Information provided

━━━━━━━━━━

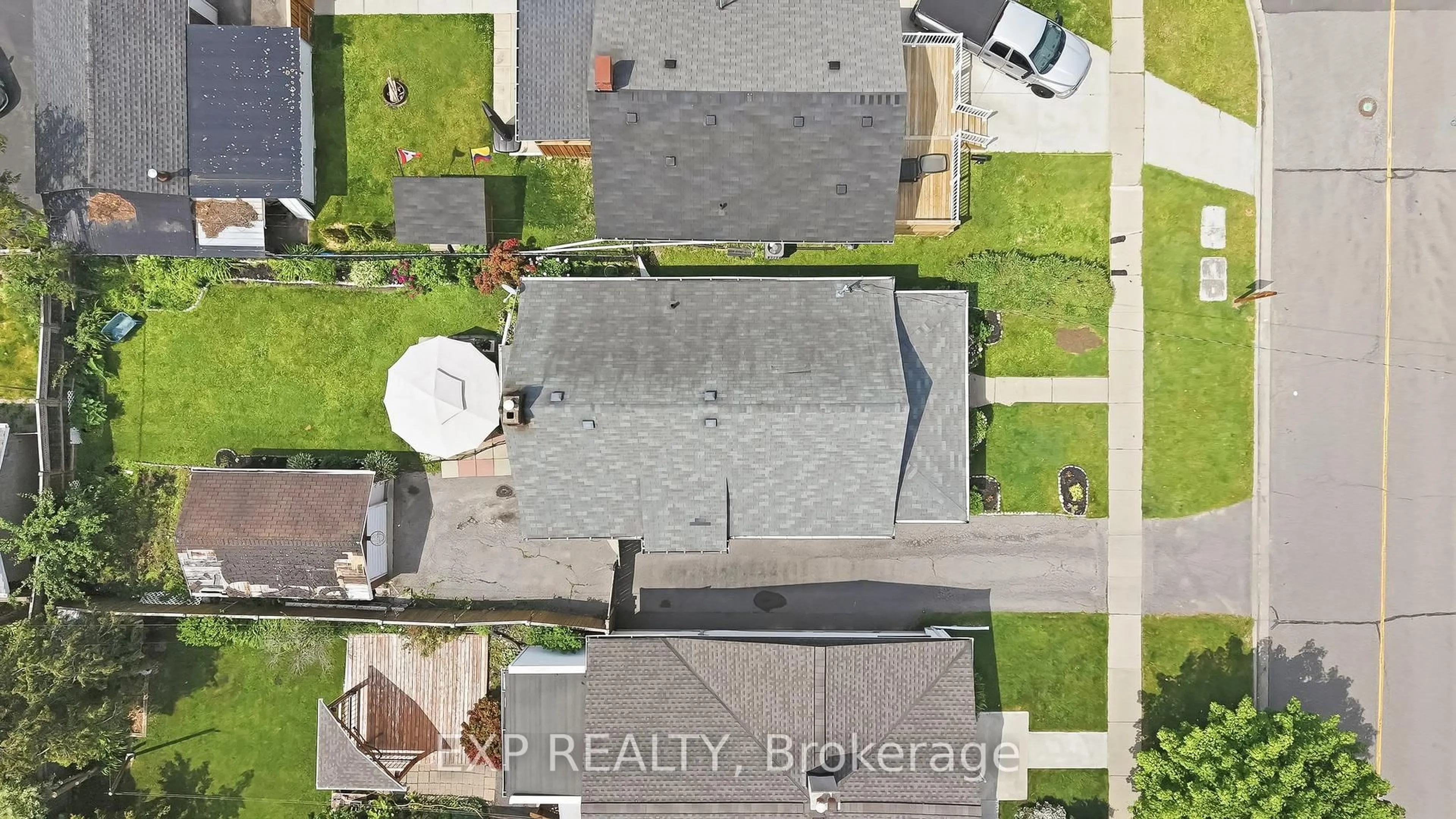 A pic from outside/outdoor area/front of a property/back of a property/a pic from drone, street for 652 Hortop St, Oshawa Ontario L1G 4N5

━━━━━━━━━━

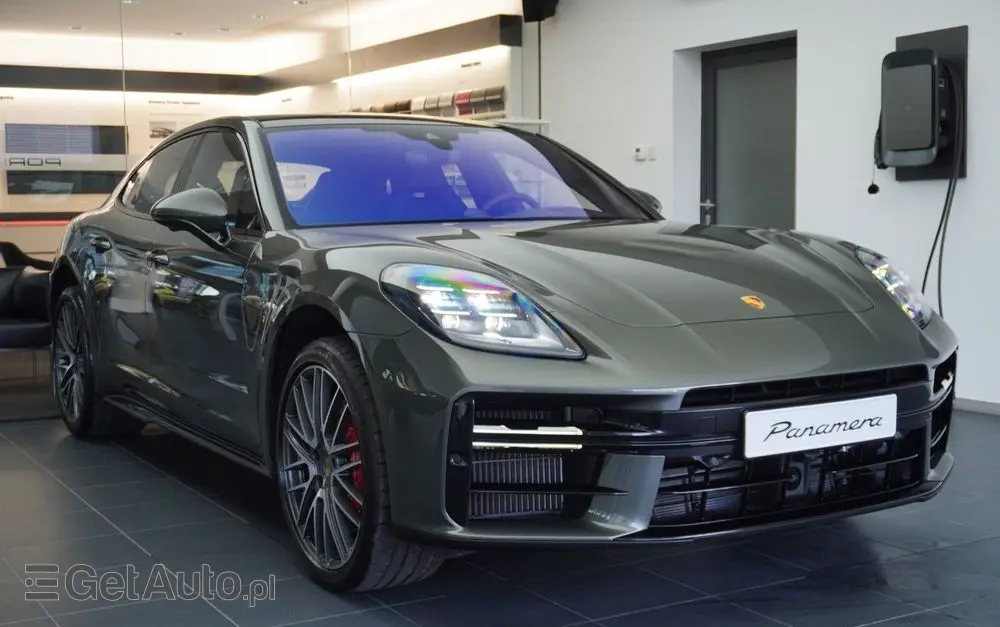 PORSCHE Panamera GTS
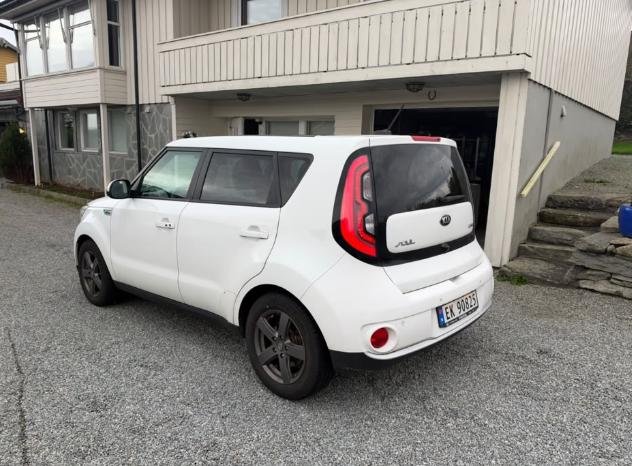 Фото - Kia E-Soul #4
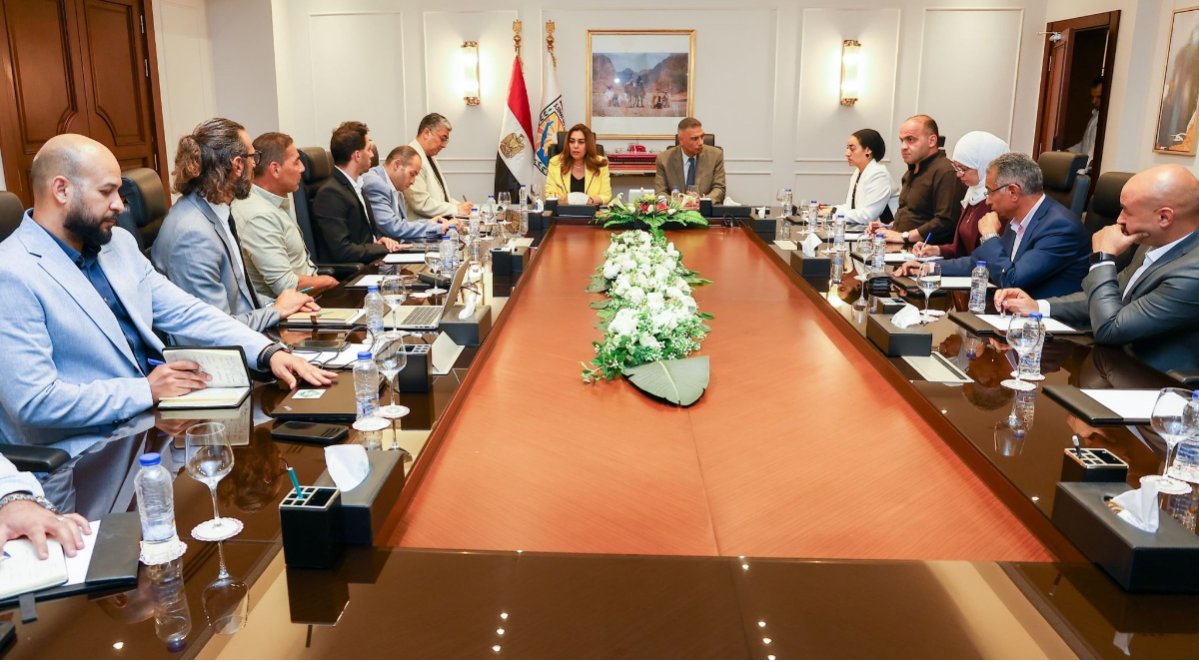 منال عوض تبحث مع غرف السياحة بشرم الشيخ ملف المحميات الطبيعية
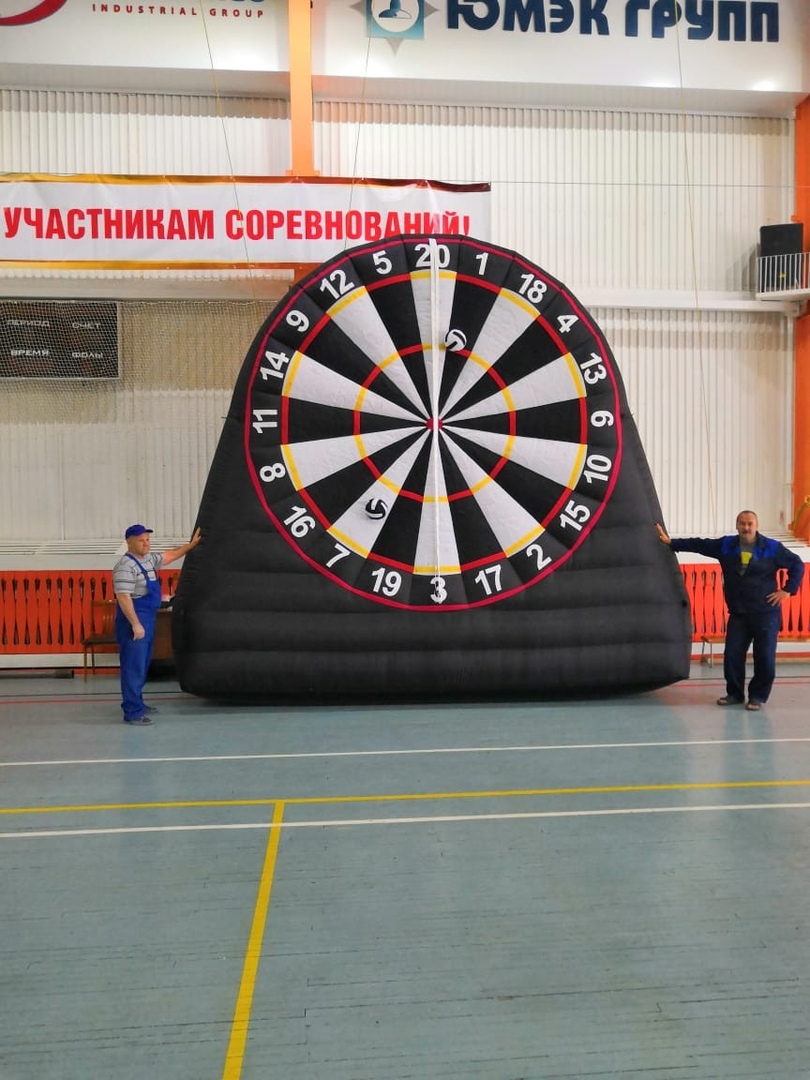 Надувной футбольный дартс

━━━━━━━━━━

What are the lines above from the one with "PORSCHE Panamera GTS" to the one with "Надувной футбольный дартс", both included? Reproduce them exactly, without pictures.

 PORSCHE Panamera GTS
 Фото - Kia E-Soul #4
 منال عوض تبحث مع غرف السياحة بشرم الشيخ ملف المحميات الطبيعية
 Надувной футбольный дартс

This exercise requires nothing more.